Harmful 5G Fast Lanes Are Coming. The FCC Needs to Stop Them

The FCC is set to vote on April 25 to restore its authority over the companies we pay to get online, and reinstate federal net neutrality protections that were jettisoned by the Trump administration in 2017. 

Net neutrality protections are supposed to ensure that we, not the internet service providers (ISPs) we pay to get online, get to decide what we do online.

The FCC released its draft rules early in April and there’s much to celebrate in them. Mobile carriers like T-Mobile, AT&T and Verizon that have been degrading video quality for mobile users will have to stop. The FCC kept in place state neutrality protections like California’s net neutrality law, allowing for layers of enforcement. The FCC also made it harder for ISPs to evade net neutrality at the point where data enters their networks.

However, there’s a huge problem: the proposed rules make it possible for mobile ISPs to start picking applications and putting them in a fast lane - where they’ll perform better generally and much better if the network gets congested.

T-Mobile, AT&T and Verizon are all testing ways to create these 5G fast lanes for apps such as video conferencing, games, and video where the ISP chooses and controls what gets boosted. They use a technical feature in 5G called network slicing, where part of their radio spectrum gets used as a special lane for the chosen app or apps, separated from the usual internet traffic.

The FCC’s draft order opens the door to these fast lanes, so long as the app provider isn’t charged for them.

That means we could soon see fast lane offerings like this:

Or we could see add-ons like Enhanced Video Conferencing for $10 a month, or one-time 24-hour passes to have Prioritized Online Gaming.

This isn't imagination.

The ISPs write about this in their blogs and press releases. They talk about these efforts and dreams openly at conferences, and their equipment vendors plainly lay out how ISPs can chop up internet service into all manner of fast lanes.
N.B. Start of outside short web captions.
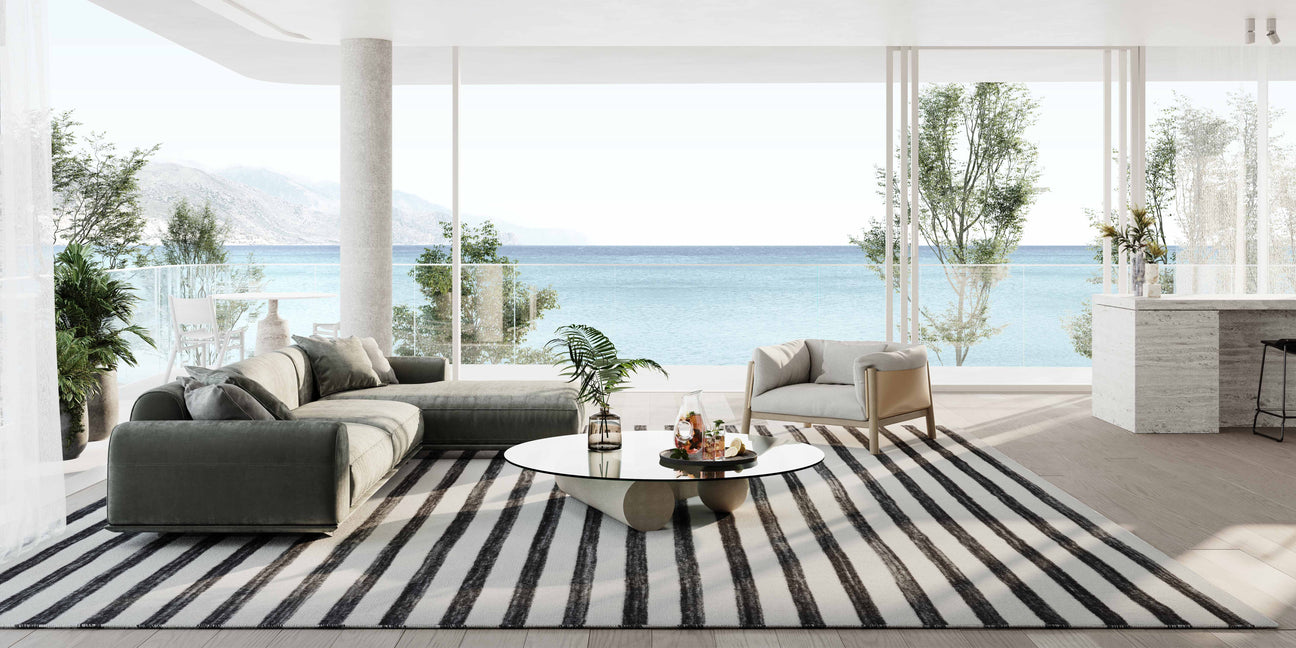 Black and White Area Rugs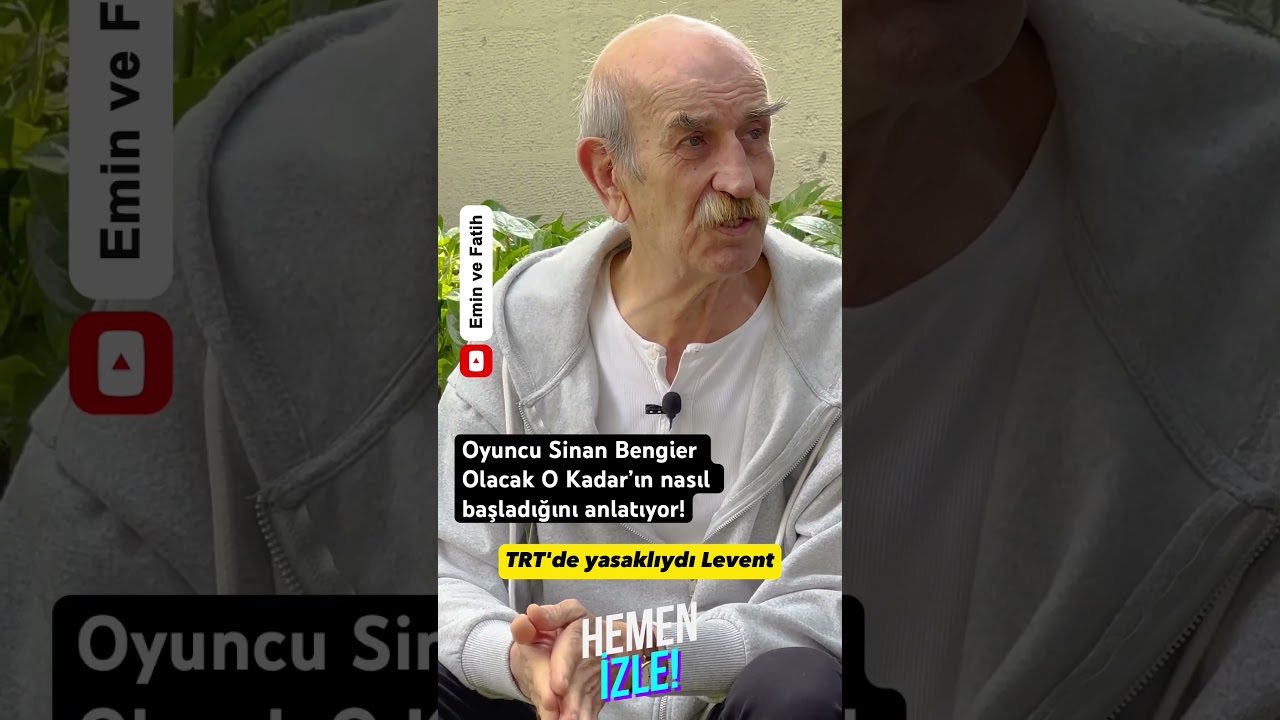 Oyuncu Sinan Bengier Olacak O Kadar&rsquo;ın nasıl başladığını anlatıyor!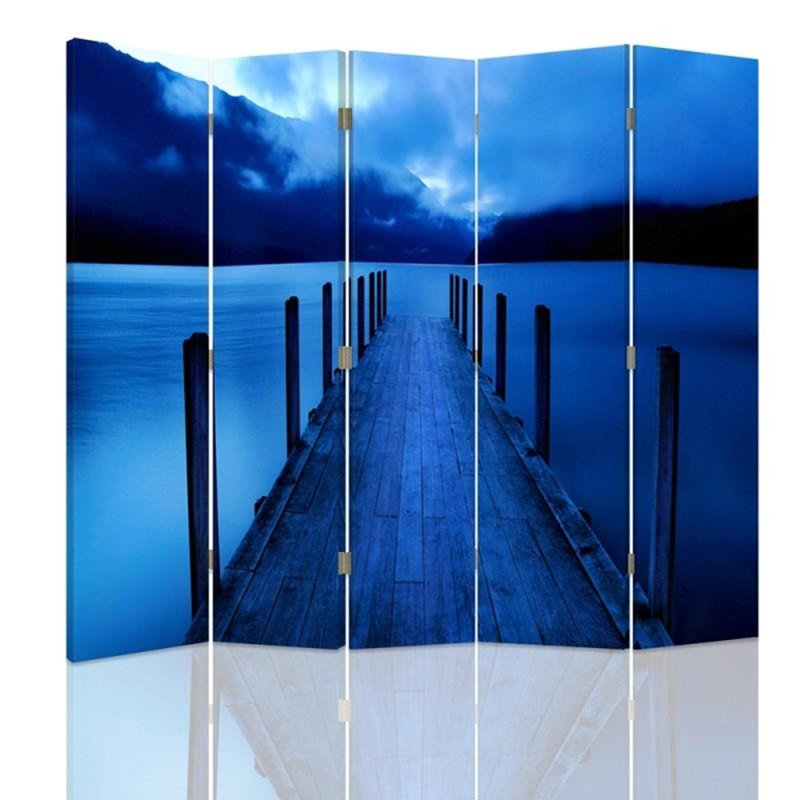 Abbas-Hussein 180cm W x 170cm H Folding Room Divider, 5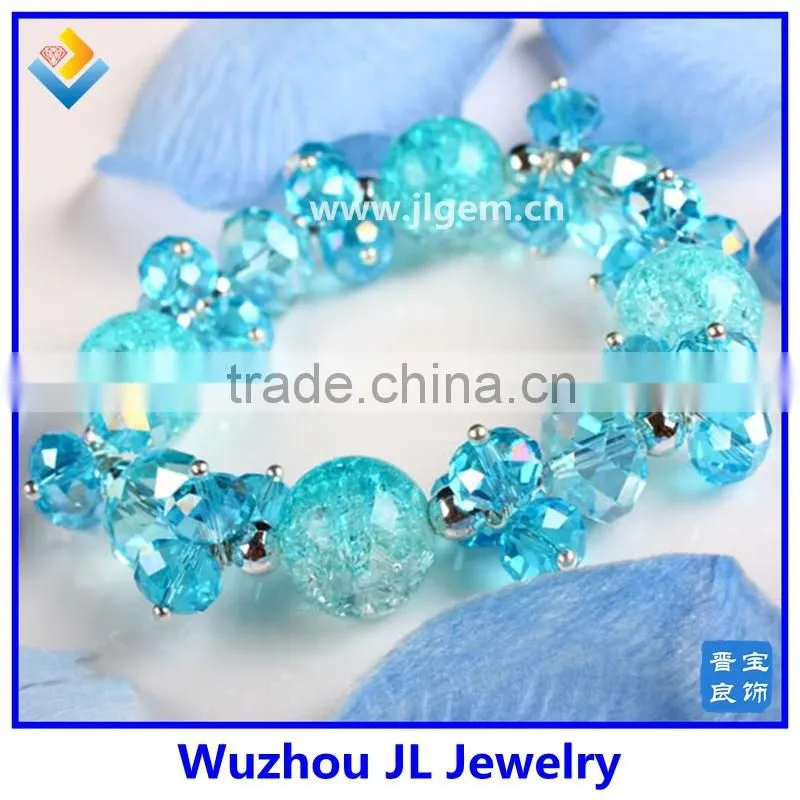 wholesale synthetic turquoise baroque bangle alloy baroque bracelet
These kinds of ISP-controlled fast lanes violate core net neutrality principles and would limit user choice, distort competition, hamper startups, and help cement platform dominance.

Net neutrality means that we, the people who use the internet, get to decide what we do online, without interference from ISPs. ISPs do not get to interfere with our choices by blocking, speeding up or slowing down apps or kinds of apps. Apps compete on a level playing field, and users, not ISPs, determine which apps are successful.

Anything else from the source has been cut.